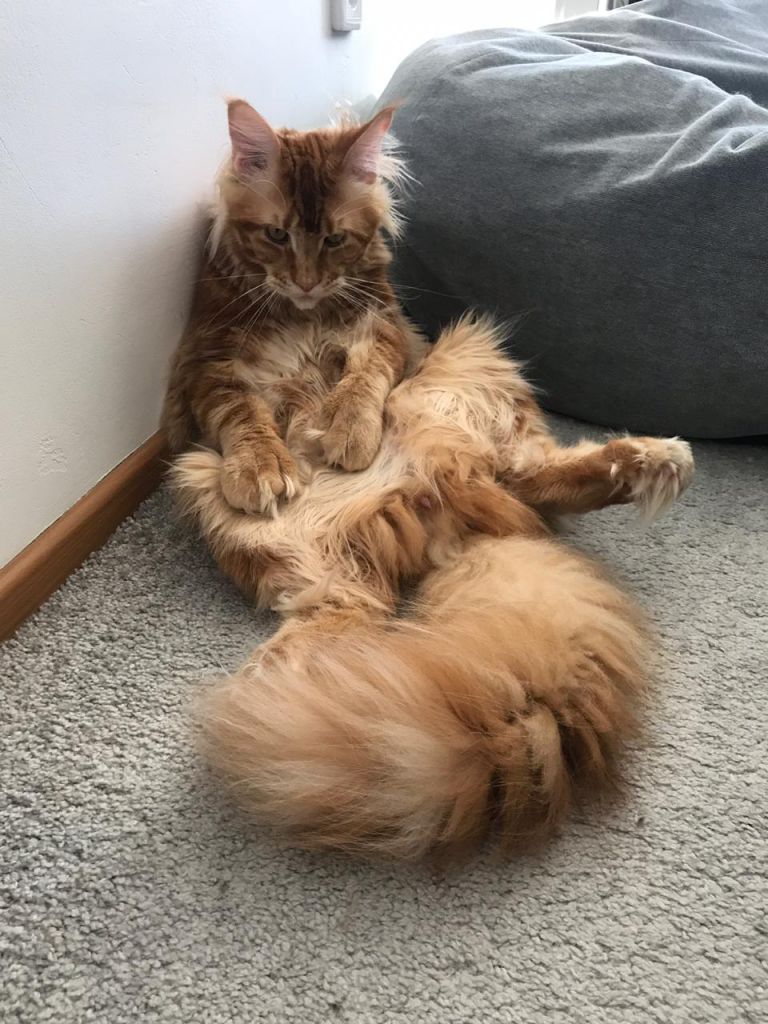 Кот мейн-кун Птах (31)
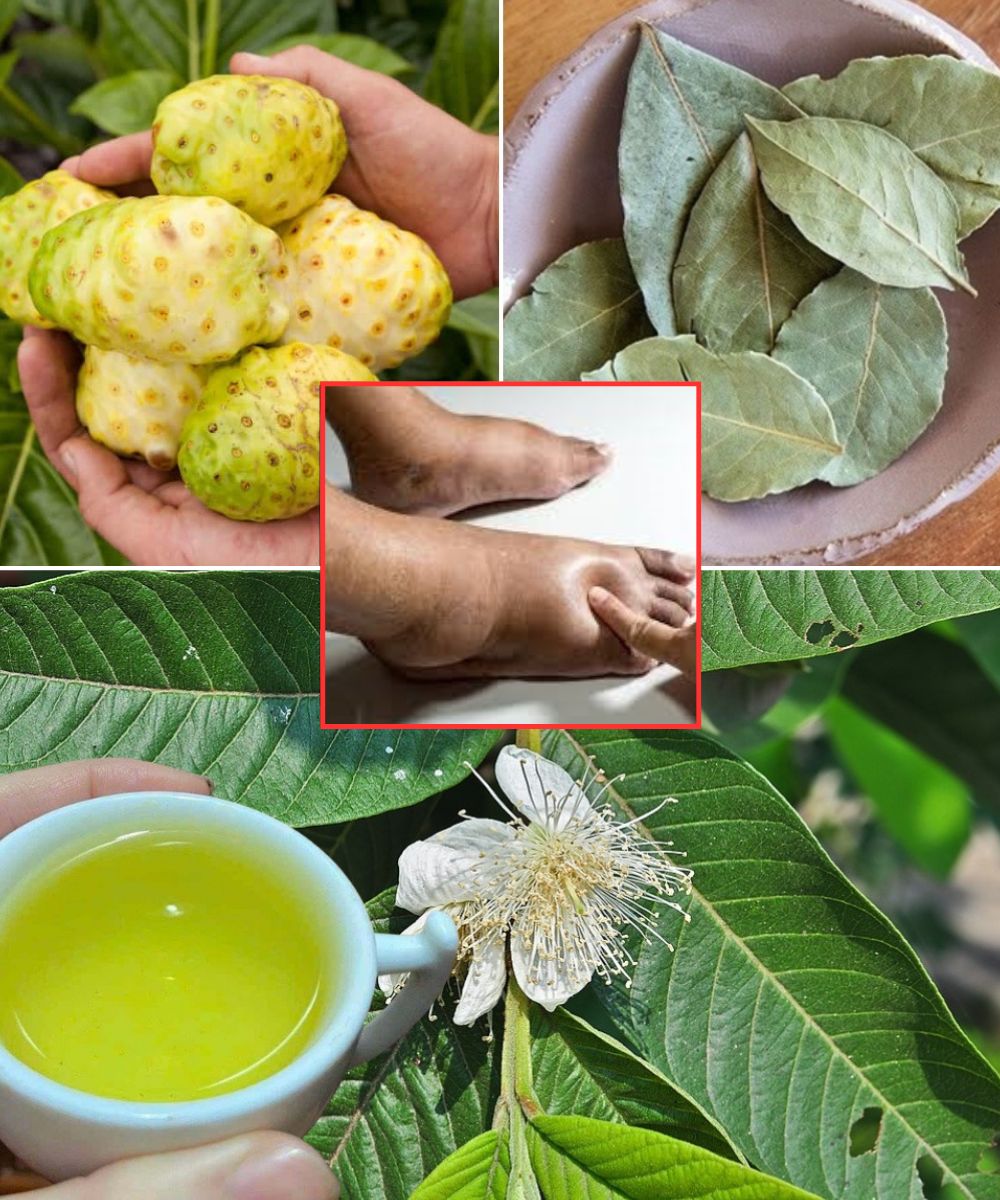 Say Goodbye to Cancer, Swollen Feet, Diabetes, and Poor Circulation with This Natural Recipe 1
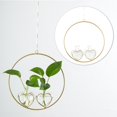 thumbnail image 4 of Planta de Hidroponía Florero Planta de Aire Pecera Flor Terrario Artes , 2 florero Macarena Florero de hidroponía, 4 of 7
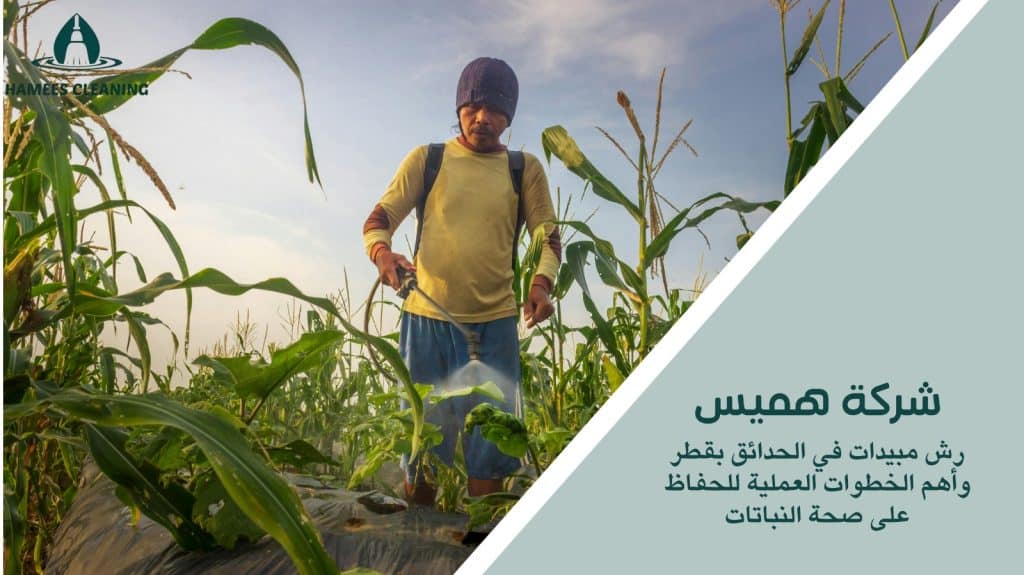 رش مبيدات في الحدائق بقطر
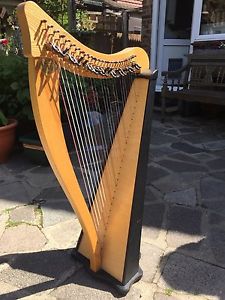 Dusty Strings, Ravenna 26 hand made Harp. Very good condition, hardly played.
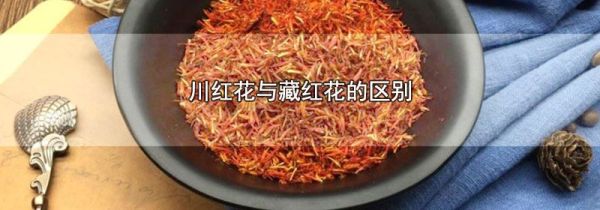 川红花与藏红花的区别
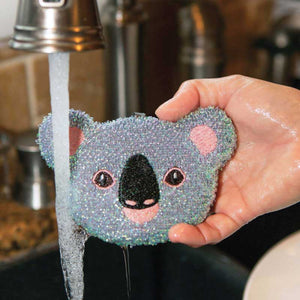 koala-cleaning-sponge-use-australia
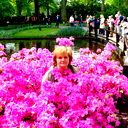 Elvira Bosche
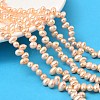 Natural Cultured Freshwater Pearl Beads Strands PEAR-I007-04I-01A-1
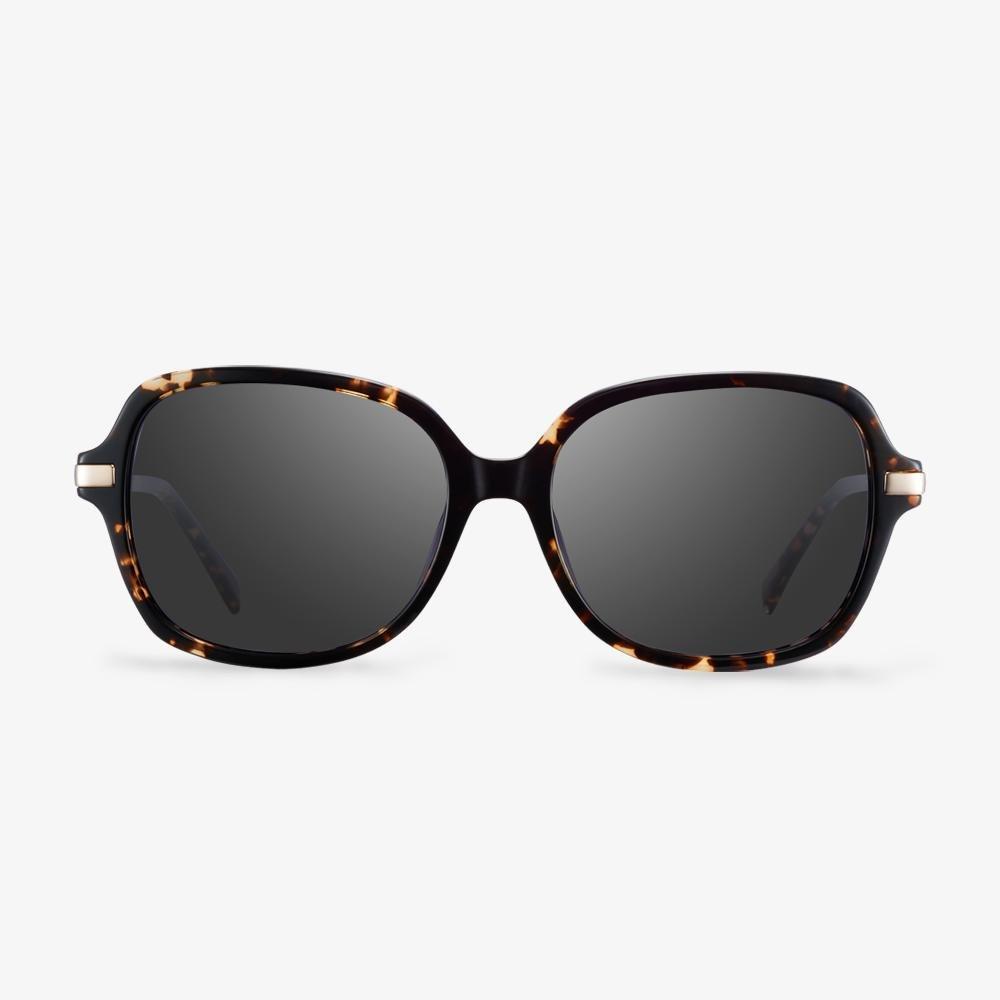 #color_tortoise1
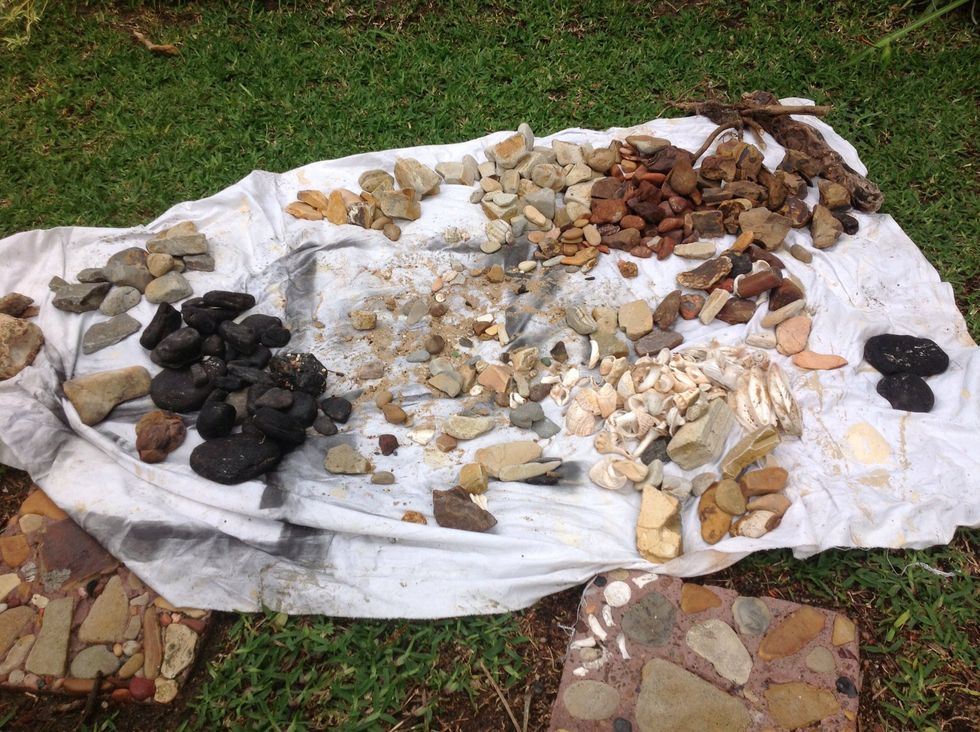 Sort rocks and shells.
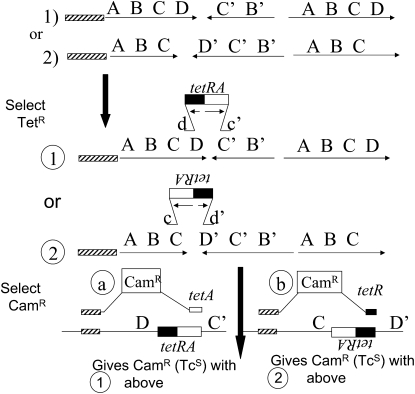 Figure 7.—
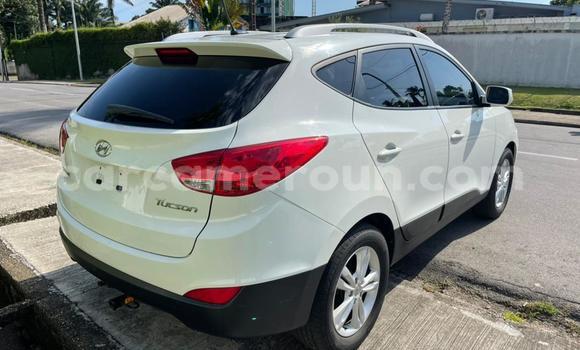 Acheter Occasion Voiture Hyundai Tucson Blanc à Douala, Littoral Cameroon Acheter Occasion Voiture Hyundai Tucson Blanc à Douala, Littoral Cameroon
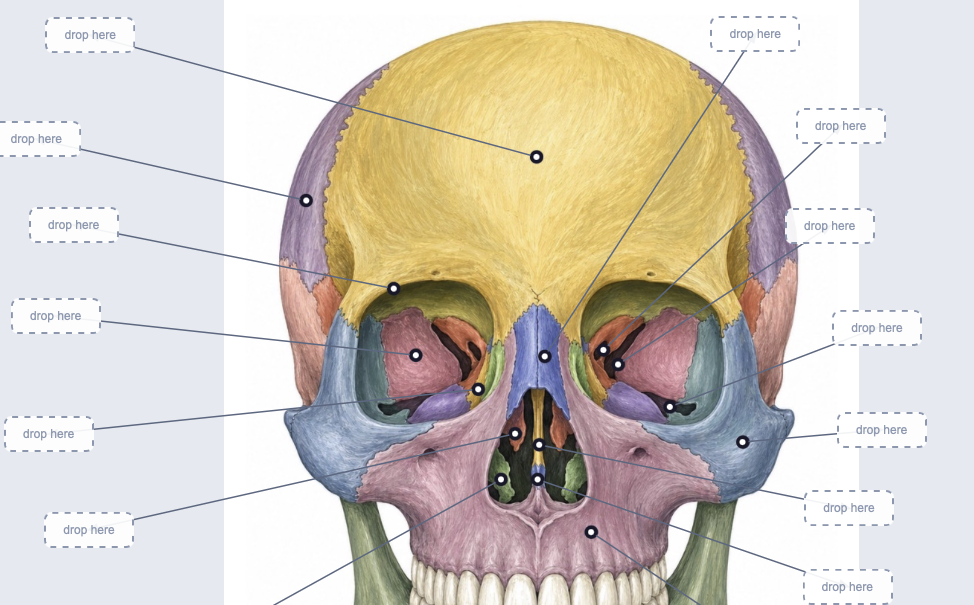 Skeleton CherNotes Interactive Labeling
=-=-=-=-=
**TASK ITEM**. Within the material above, find the part that opens with the line containing "Say Goodbye to" and closes with the line containing "Elvira Bosche", and reproduce it exactly without the pictures.

**RESPONSE BELOW**.
 Say Goodbye to Cancer, Swollen Feet, Diabetes, and Poor Circulation with This Natural Recipe 1
 thumbnail image 4 of Planta de Hidroponía Florero Planta de Aire Pecera Flor Terrario Artes , 2 florero Macarena Florero de hidroponía, 4 of 7
 رش مبيدات في الحدائق بقطر
 Dusty Strings, Ravenna 26 hand made Harp. Very good condition, hardly played.
 川红花与藏红花的区别
 koala-cleaning-sponge-use-australia
 Elvira Bosche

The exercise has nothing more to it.